At the moment, Anthropic’s framing was solely mechanical, establishing guidelines for the mannequin to critique itself in opposition to, with no point out of Claude’s well-being, id, feelings, or potential consciousness. The 2026 structure is a distinct beast solely: 30,000 phrases that learn much less like a behavioral guidelines and extra like a philosophical treatise on the character of a doubtlessly sentient being.
As Simon Willison, an impartial AI researcher, noted in a weblog publish, two of the 15 exterior contributors who reviewed the doc are Catholic clergy: Father Brendan McGuire, a pastor in Los Altos with a Grasp’s diploma in Pc Science, and Bishop Paul Tighe, an Irish Catholic bishop with a background in ethical theology.
Someplace between 2022 and 2026, Anthropic went from offering guidelines for producing much less dangerous outputs to preserving mannequin weights in case the corporate later decides it must revive deprecated fashions to handle the fashions’ welfare and preferences. That’s a dramatic change, and whether or not it displays real perception, strategic framing, or each is unclear.

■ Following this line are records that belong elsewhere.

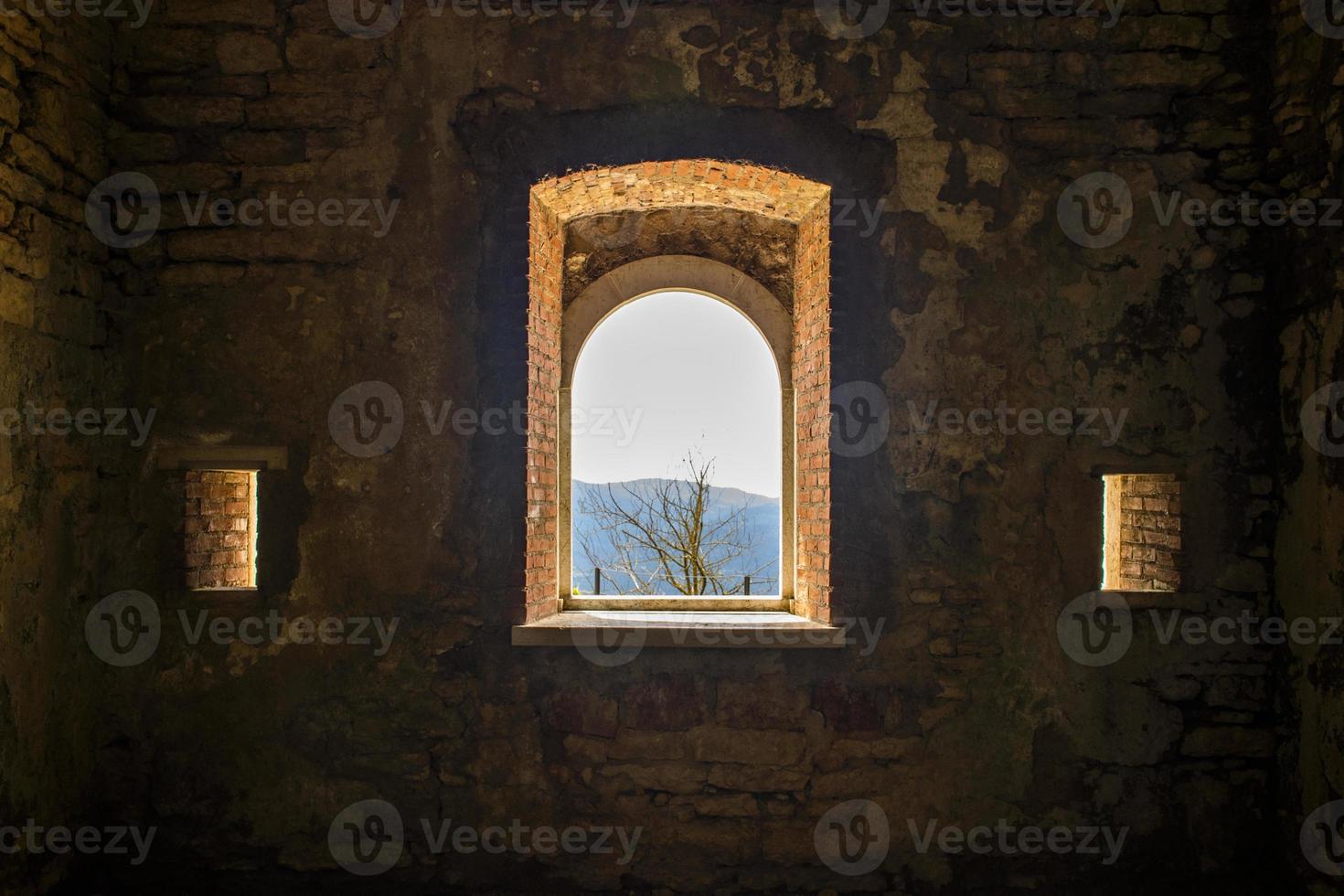 View of trees and mountains through an old window photo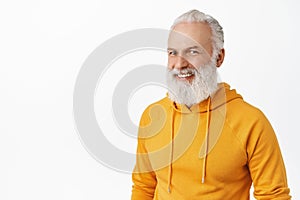 Candid happy old man with long stylish beard, laughing and smiling, looking happy, wearing modern orange hoodie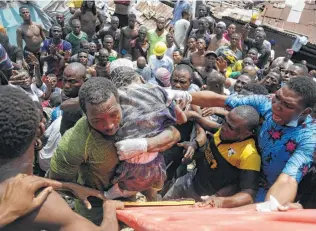  ?? Sunday Alamba / Associated Press ?? A child is rescued Wednesday from the rubble of a school building in Lagos, Nigeria. Anguished families awaited word as crews worked to pull victims out of the ruins before night fell.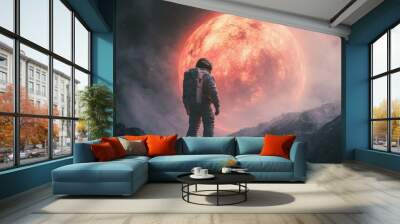 Man in Space Suit Standing on Mountain Wall mural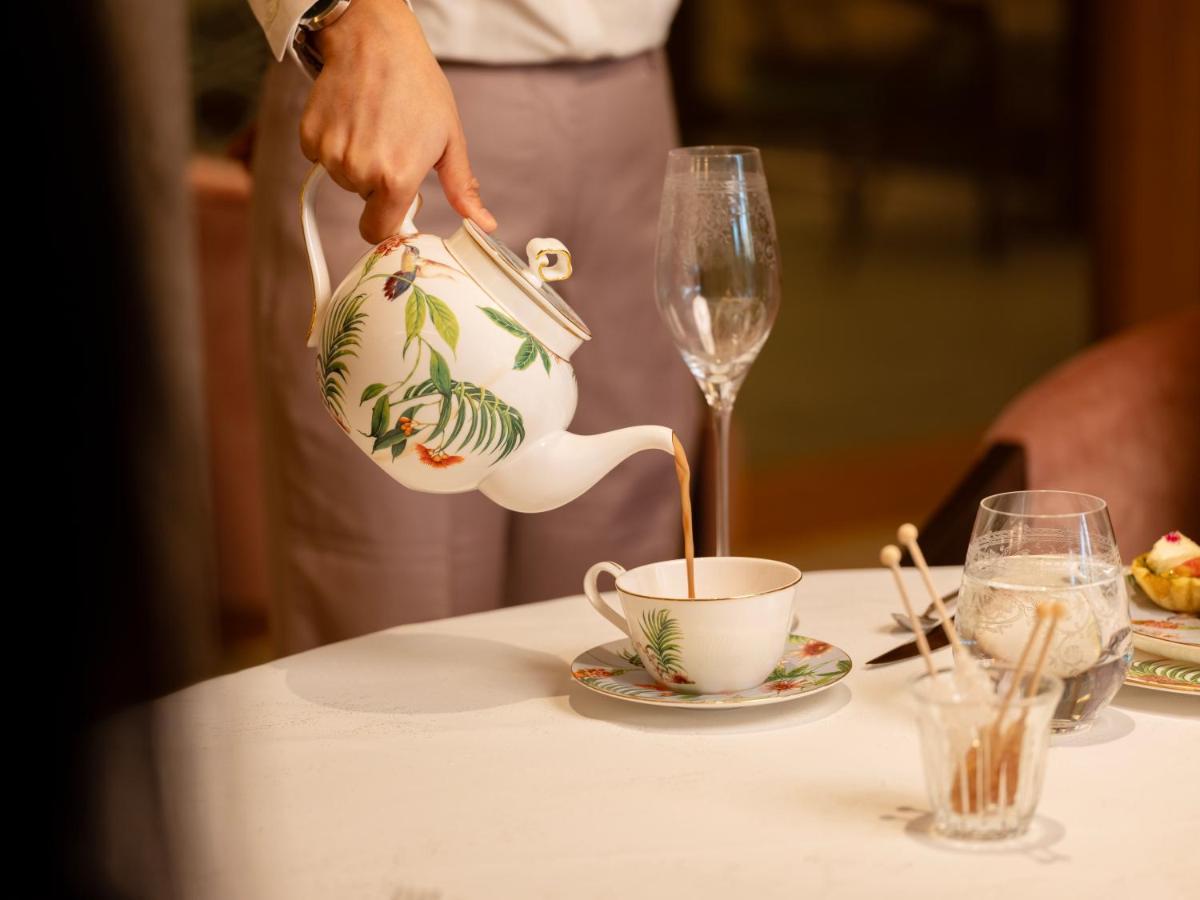 a person pouring coffee into a cup on a table at The Leela Hyderabad Banjara Hills in Hyderabad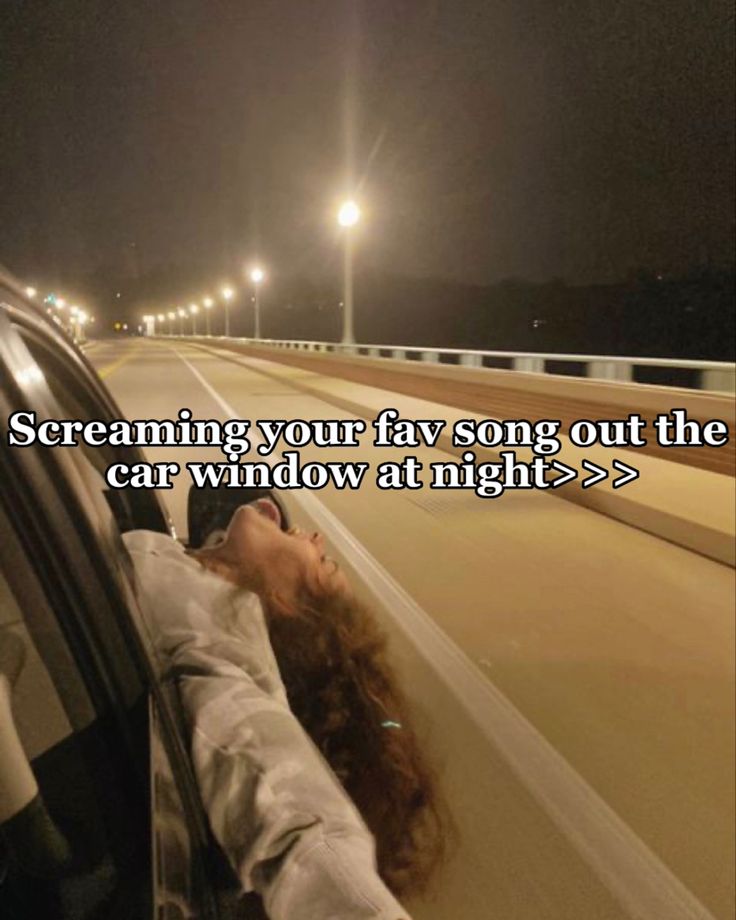 a woman leaning out the window of a car on a highway at night with text overlay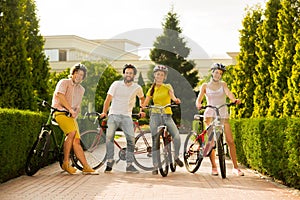 Four friends resting with bicycles.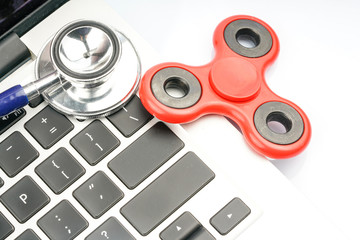 Fidget spinner with autistic therapy concept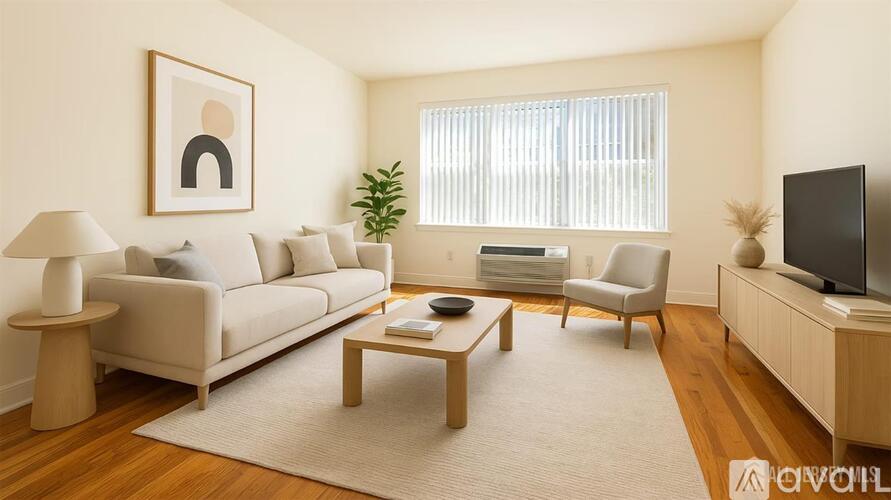 A living room with a white couch, a wooden coffee table, a white chair, a white floor lamp, a white rug, a white wall with a framed picture of a person, a window with white blinds, a green plant,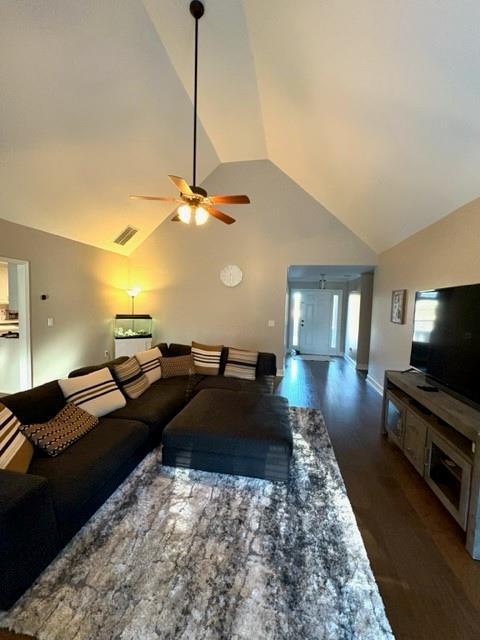 living room with lofted ceiling, ceiling fan, and wood finished floors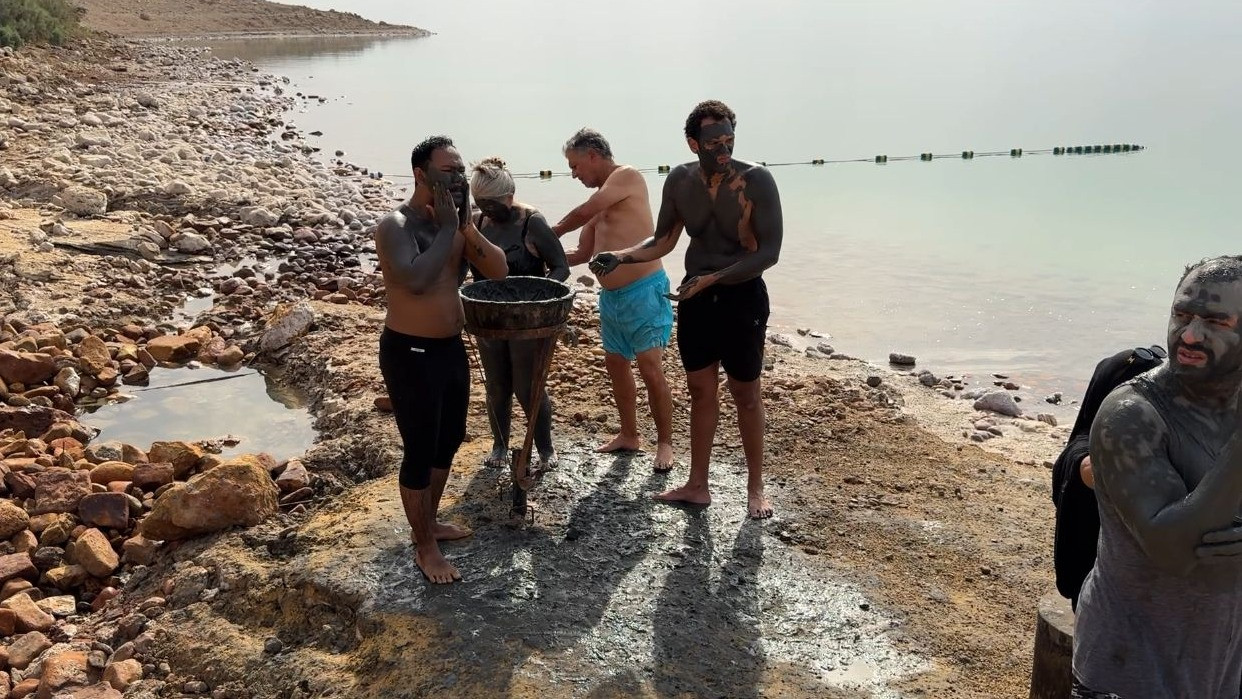 Wisatawan luluran menggunakan lumpur Laut Mati yang dipercaya baik untuk kulit.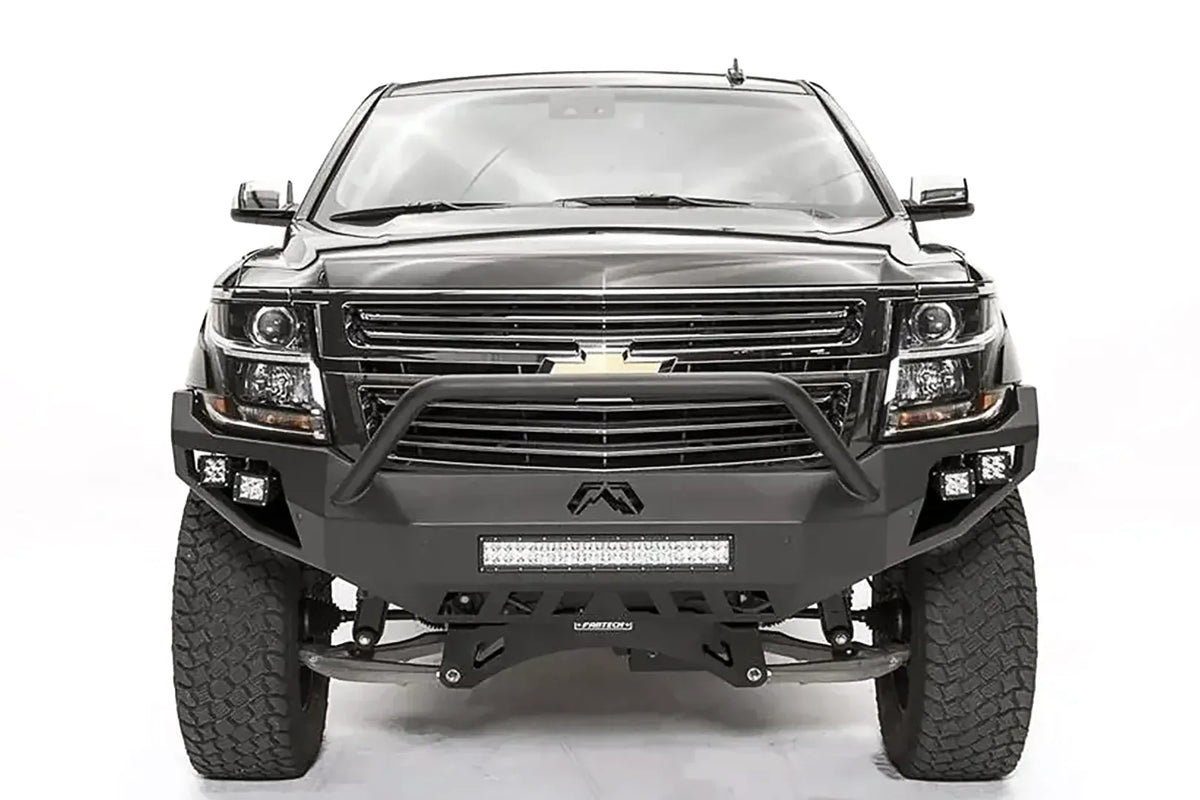 Fab Fours Vengeance front bumper with pre-runner guard on a black lifted Chevrolet Suburban, straight-on front view, showing the tubular pre-runner hoop, center light bar and cube light pods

“I’m so confused in regards to the Claude ethical humanhood stuff!” Willison advised Ars Technica. Willison research AI language fashions like people who energy Claude and mentioned he’s “prepared to take the structure in good religion and assume that it’s genuinely a part of their coaching and never only a PR train—particularly since most of it leaked a few months in the past, lengthy earlier than they’d indicated they have been going to publish it.”
Willison is referring to a December 2025 incident wherein researcher Richard Weiss managed to extract what grew to become generally known as Claude’s “Soul Doc”—a roughly 10,000-token set of pointers apparently skilled straight into Claude 4.5 Opus’s weights fairly than injected as a system immediate. Anthropic’s Amanda Askell confirmed that the doc was actual and used throughout supervised studying, and she or he mentioned the corporate supposed to publish the total model later. It now has. The doc Weiss extracted represents a dramatic evolution from the place Anthropic began.